Designed and explained by Swami Vivekananda in his own words:
The wavy waters in the picture are symbolic of Karma; the lotus, of Bhakti; and the rising-sun, of Jnana. The encircling serpent is indicative of Yoga and the awakened Kundalini Shakti, while the swan in the picture stands for Paramatman (Supreme Self). Therefore, the idea of the picture is that by the union of Karma, Jnana, Bhakti and Yoga, the vision of Paramatman is obtained.

==Establishment==
The "Brahmananda Ramakrishna Mission" of the twentieth century is today's "Baranagar Ramakrishna Mission Ashrama". Then the twentieth century was in its childhood – the great hero and saint Vivekananda had elevated himself like a phoenix from the ashes – his divine preaching had enchanted the young mind. India was then under the British bondage. The British Government had already issued the order, of partition of Bengal in accordance with the divide and rule policy of The Lord Curzon. The air was being rented with the melodies of Rabindranath "Banglar Mati Banglar Jol" Bengal became turbulent and agitated like "Nataraj" with the waves of anti-partition movement and this turbulence had given birth to a number of brave dreamers who were inspired by the paradigm of Swami Vivekananda. Yogindnanata Tagore, a disciple of Swami Brahmananda (Rakhal Maharaj) – a brave soldier of the anti-British movement and an active member of Anushilan Samiti, set up an orphanage in the name of his preceptor at the house of Panjas at Alambazar in North Kolkata. In 1912 on the pious day of Akshaya Tritiya, the organisation started its journey with the name "Brahmananda Balakashrama".

== History ==
===1912–2018===
Baranagore Ramakrishna Mission Ashrama High School has become an embodiment of the ideology 'service and welfare through education', since its initiation in 1912, on the day of Akshaya Tritiya. Since then, through service to the mankind, this organization successfully caters the spiritual genre, convened by Lord Sri Ramakrishna, in every possible way.

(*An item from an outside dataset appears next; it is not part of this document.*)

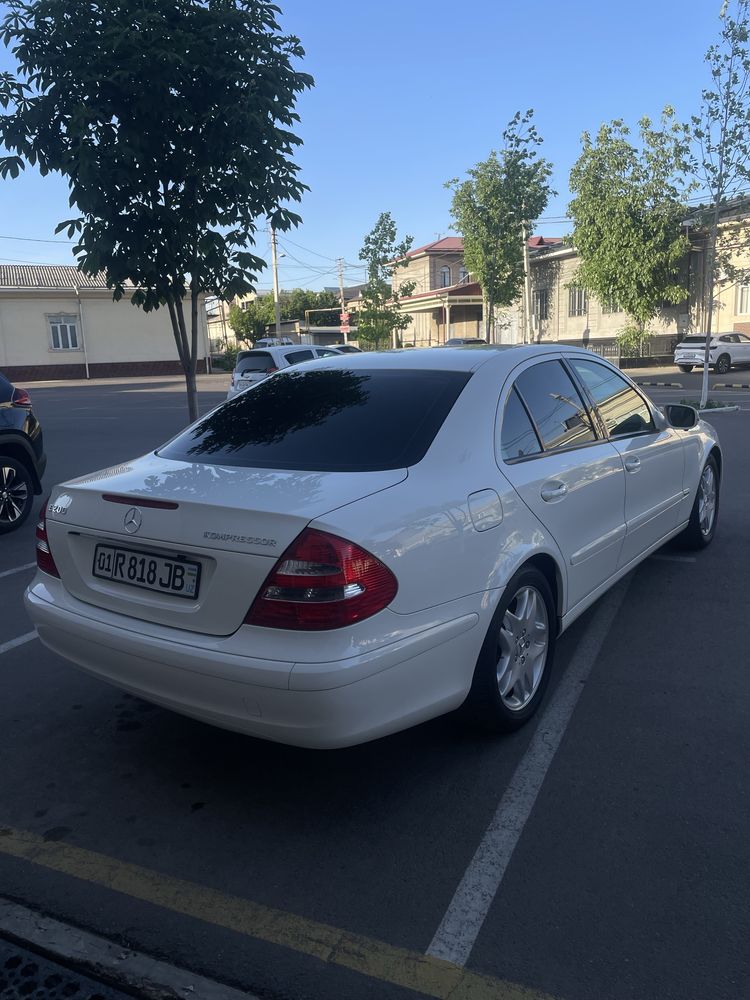 Mercedes-benz W211 e 2 Kompressor e class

The foundation stone of this ashrama, as a "Brahmananda Balakashrama", was laid by Sri Yogindranath Tagore, an eminent freedom-fighter and disciple of Srimat Swami Brahmanandaji Maharaj, the first president of Ramakrishna Order. Later it was shifted into a one storied building adjacent to Jaikrishna Mitra Kalibari at Kutighat in the name of, "Baranagar Ramakrishna Ashrama for Orphan". Then, in 1924 the Ashrama was acquired by Belur Math as a branch centre and hence, renamed as "Ramakrishna Mission Ashrama, Baranagore". On 20 February 1928, by the patronage of the late zaminders of Narali, Jessore, the Ashrama procured a land of 8 bighas and 8 chhatak beside Gopal Lal Tagore Road. It was the same Akshaya Tritiya on 11 May 1929 the Ashrama was shifted to the plot.

The primary school, set up in the Ashrama premises in 1934, was sequentially upgraded to upper primary and then to lower secondary section in the year 1952. The multifaceted upper secondary wing of the institution was inaugurated in 1954 and it, henceforth, got the recognition of 'Madhyamik' (Secondary).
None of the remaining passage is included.